### Directions for this task
Wherever the string "with" appears in the entries below, return the line that holds it.
───
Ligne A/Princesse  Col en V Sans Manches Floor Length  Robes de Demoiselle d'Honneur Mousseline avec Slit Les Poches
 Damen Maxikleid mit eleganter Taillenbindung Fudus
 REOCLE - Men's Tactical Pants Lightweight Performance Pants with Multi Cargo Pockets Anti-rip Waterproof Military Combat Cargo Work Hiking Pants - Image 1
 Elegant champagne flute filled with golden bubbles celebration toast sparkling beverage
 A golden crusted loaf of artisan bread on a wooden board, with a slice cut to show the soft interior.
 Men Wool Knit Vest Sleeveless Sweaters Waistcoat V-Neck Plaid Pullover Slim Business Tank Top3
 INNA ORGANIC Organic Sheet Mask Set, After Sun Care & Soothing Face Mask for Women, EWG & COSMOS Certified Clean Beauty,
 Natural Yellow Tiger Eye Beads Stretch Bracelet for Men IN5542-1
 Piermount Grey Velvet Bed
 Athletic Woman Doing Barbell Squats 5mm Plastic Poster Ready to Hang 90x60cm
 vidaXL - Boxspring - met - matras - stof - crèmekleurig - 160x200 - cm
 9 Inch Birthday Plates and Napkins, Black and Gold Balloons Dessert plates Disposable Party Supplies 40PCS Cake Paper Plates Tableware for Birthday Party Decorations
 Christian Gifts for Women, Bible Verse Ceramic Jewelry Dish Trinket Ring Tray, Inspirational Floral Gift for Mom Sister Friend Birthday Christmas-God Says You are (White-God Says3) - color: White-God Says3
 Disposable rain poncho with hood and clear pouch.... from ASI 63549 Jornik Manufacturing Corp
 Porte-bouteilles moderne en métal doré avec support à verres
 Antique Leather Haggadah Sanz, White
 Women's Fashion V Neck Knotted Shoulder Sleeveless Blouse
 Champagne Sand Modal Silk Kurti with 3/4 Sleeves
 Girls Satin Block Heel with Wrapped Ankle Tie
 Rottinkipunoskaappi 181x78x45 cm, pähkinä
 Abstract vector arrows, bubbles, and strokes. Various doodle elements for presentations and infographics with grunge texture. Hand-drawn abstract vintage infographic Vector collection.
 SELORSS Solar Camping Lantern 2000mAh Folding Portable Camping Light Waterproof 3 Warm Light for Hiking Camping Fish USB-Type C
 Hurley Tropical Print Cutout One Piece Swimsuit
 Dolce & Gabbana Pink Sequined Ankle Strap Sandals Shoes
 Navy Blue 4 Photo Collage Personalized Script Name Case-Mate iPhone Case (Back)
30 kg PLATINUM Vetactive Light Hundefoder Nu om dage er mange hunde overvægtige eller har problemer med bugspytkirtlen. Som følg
───
### Exercise output
 REOCLE - Men's Tactical Pants Lightweight Performance Pants with Multi Cargo Pockets Anti-rip Waterproof Military Combat Cargo Work Hiking Pants - Image 1
 Elegant champagne flute filled with golden bubbles celebration toast sparkling beverage
 A golden crusted loaf of artisan bread on a wooden board, with a slice cut to show the soft interior.
 Disposable rain poncho with hood and clear pouch.... from ASI 63549 Jornik Manufacturing Corp
 Champagne Sand Modal Silk Kurti with 3/4 Sleeves
 Girls Satin Block Heel with Wrapped Ankle Tie
 Abstract vector arrows, bubbles, and strokes. Various doodle elements for presentations and infographics with grunge texture. Hand-drawn abstract vintage infographic Vector collection.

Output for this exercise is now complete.